On 5/1/25 11:48 AM, Richard Sandiford wrote:
Indu Bhagat <indu.bha...@oracle.com> writes:
MEMTAG sanitizer, which is based on the HWASAN sanitizer, will invoke
the target-specific hooks to create a random tag, add tag to memory
address, and finally tag and untag memory.
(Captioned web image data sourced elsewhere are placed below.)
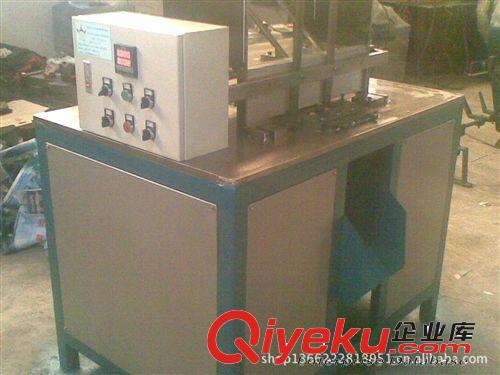 工藝禮品加工設備 自動成型機原始圖片3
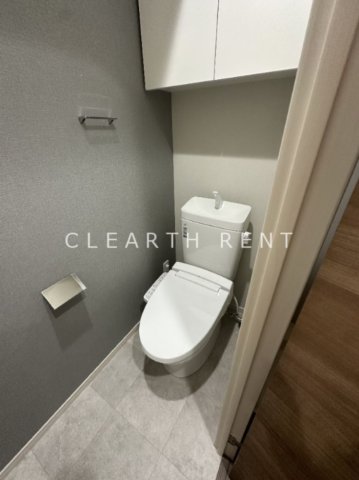 アルファコート亀戸２5階 同タイプ別住戸写真となります。現況と異なる場合がございます。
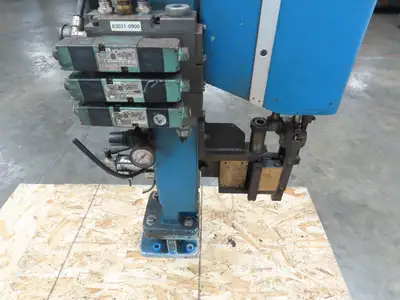 Dixon SD-120 Headless Screw Driving Head Automatic Pneumatic Nut Driver 300RPM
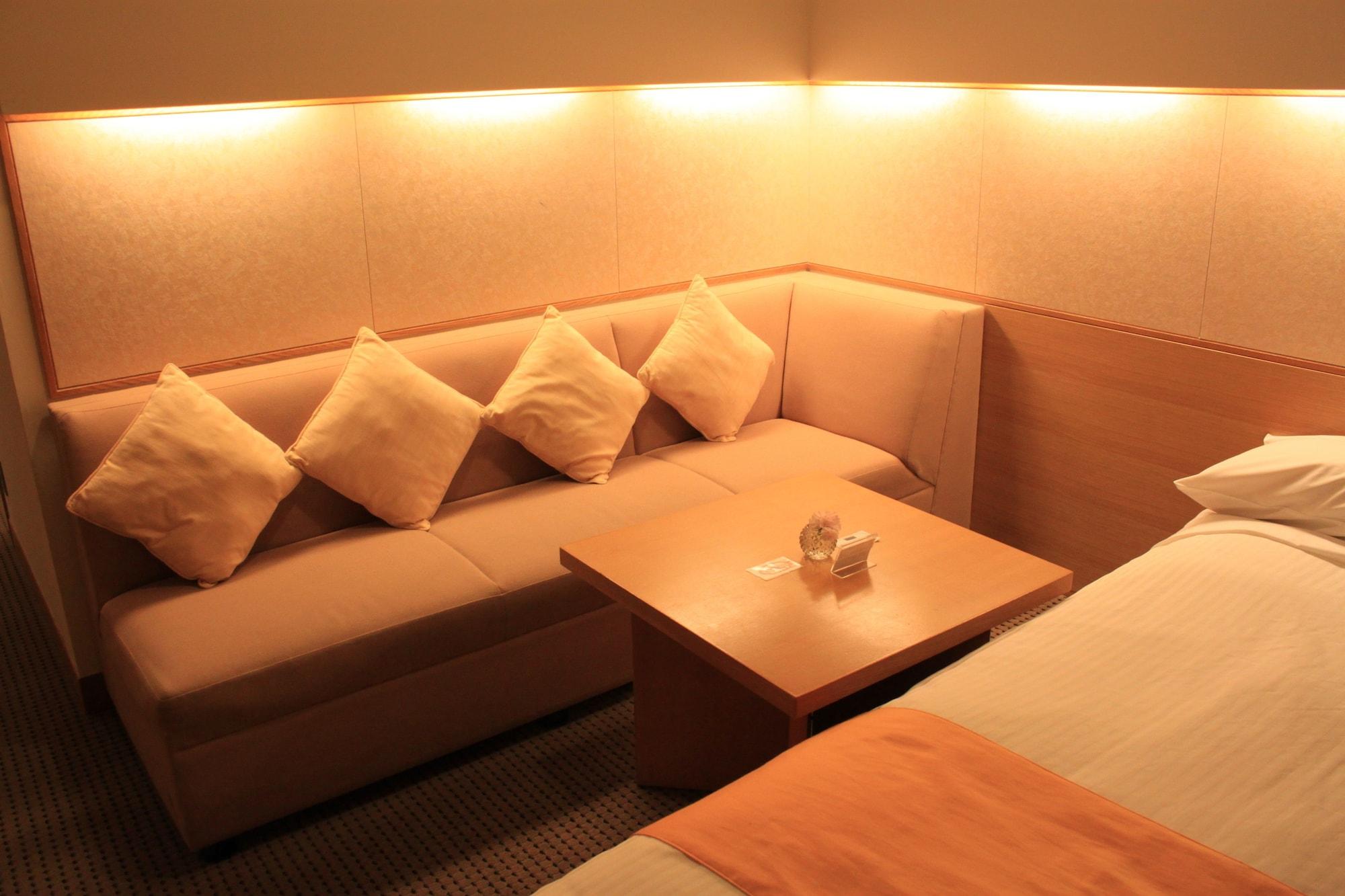 Hotel Sosei Sapporo Mgallery Collection מראה חיצוני תמונה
Implement the target hooks to emit MTE instructions if MEMTAG sanitizer
is in effect. Continue to use the default target hook if HWASAN is
being used. Following target hooks are implemented:
- TARGET_MEMTAG_INSERT_RANDOM_TAG
- TARGET_MEMTAG_ADD_TAG
- TARGET_MEMTAG_TAG_MEMORY
Apart from the target-specific hooks, set the following to values
defined by the Memory Tagging Extension (MTE) in aarch64:
- TARGET_MEMTAG_TAG_SIZE
- TARGET_MEMTAG_GRANULE_SIZE
How about using "bits"/"bytes" rather than "size", since the two hooks
use different units? Alternatively, we could follow the machine_mode
convention of using "size" for bytes and "bitsize" for bits.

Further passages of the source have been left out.